Back at Hanry's home we were treated to battered sweet potato, brown rice sticky bar things and lots of tea and coffee. His niece and nephew took great delight in trying to use our camera. As you can see by the picture alongside, the little boy (Nathanial) is showing great talent in capturing his subjects.....




Dinner was wild boar, soup, more local greens and rice. It was delicious and felt well deserved after our 3 days in the jungle. That evening this old dude who is the best and most respected warrior dancer in the village came to perform for us.


We had a great time in Long Pa'Sia. The village are trying to encourage a bit more tourism which is a good thing for them. They have a home stay programme and Hanry is going to be pushing his trek leading. Couple of useful contacts for anyone reading that might ever be in the area is to look up Long Pa'Sia homestays and Hanry is on hbaktian@hotmail.com

It's been good to be on email and stuff to people over the last week or so and good to see so many of you reading about our travels! Simon's going to put up some cute piccies of monkeys next and then we'll be off out of Sabah to continue the journey in Thailand for a while.

All the best for now,

Charlotte

A Stroll up a Hill, Staff Party and Learning to Dive

As we left it last time we had just managed to discharge the expedition participants either onto flights back home or into the poor city of KK where they went onto engage in drunken chaos for a few days.

Having breathed a big sigh of relief as a staff team the obvious way for us all to relax was to then take on Sabah's 4100m Mount Kinabalu.

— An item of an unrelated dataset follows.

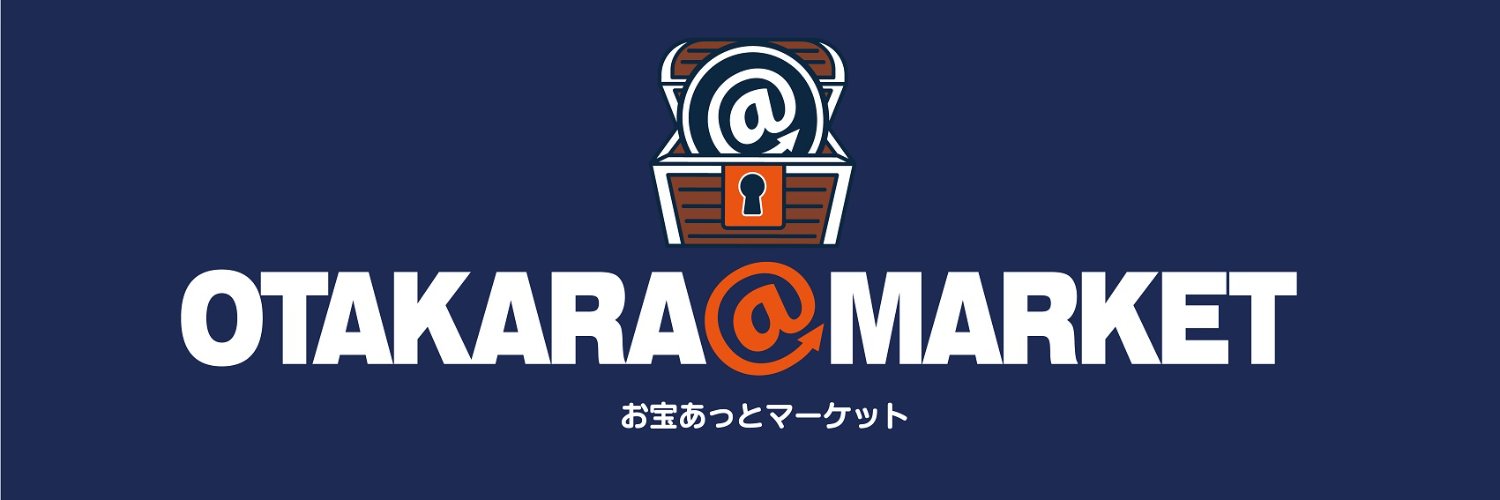 お宝あっとマーケット西葛西店 banner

Mount K is one of the main tourist attractions in Sabah and they sensibly limit the amount of people on the mountain at any one time. The mountain is too much for most people to get up & down in one day so most people stop at a resthouse part of the way up.

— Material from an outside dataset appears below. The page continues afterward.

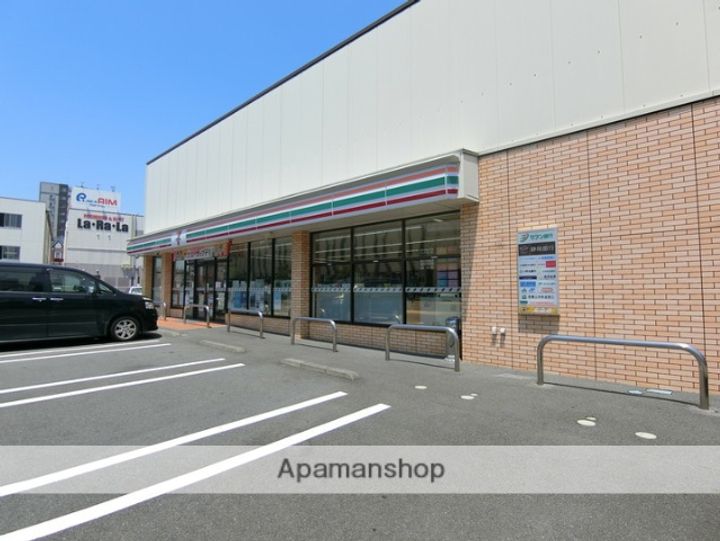 山王グリーンハイツの周辺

(Classic Malaysian sign at the park entrance. Not sure what it means, maybe run away from people with guns, seems like good advice to me)






The schedule pretty much went like this. 1200 noon start our climb at the national park entrance. 1500 arrive at Resthouse / Hostel after three hours and six km of uphill walking over a combination of steps and rocks. Slump knackered in seat and have a couple ot tea, put on beanie and fleece for the first time since arriving in Sabah. 1900 go to bed. 0245 get up continue climb. 0500 reach the peak in time for sunrise.


(For those with an interest in Botany this is a pitcher pant - a carnivorous plant that only lives at a certain height above sea level and feeds on dumb insects that fly straight into it for some reason)













(Charl & I at the top ! In the predawn dark....and cold)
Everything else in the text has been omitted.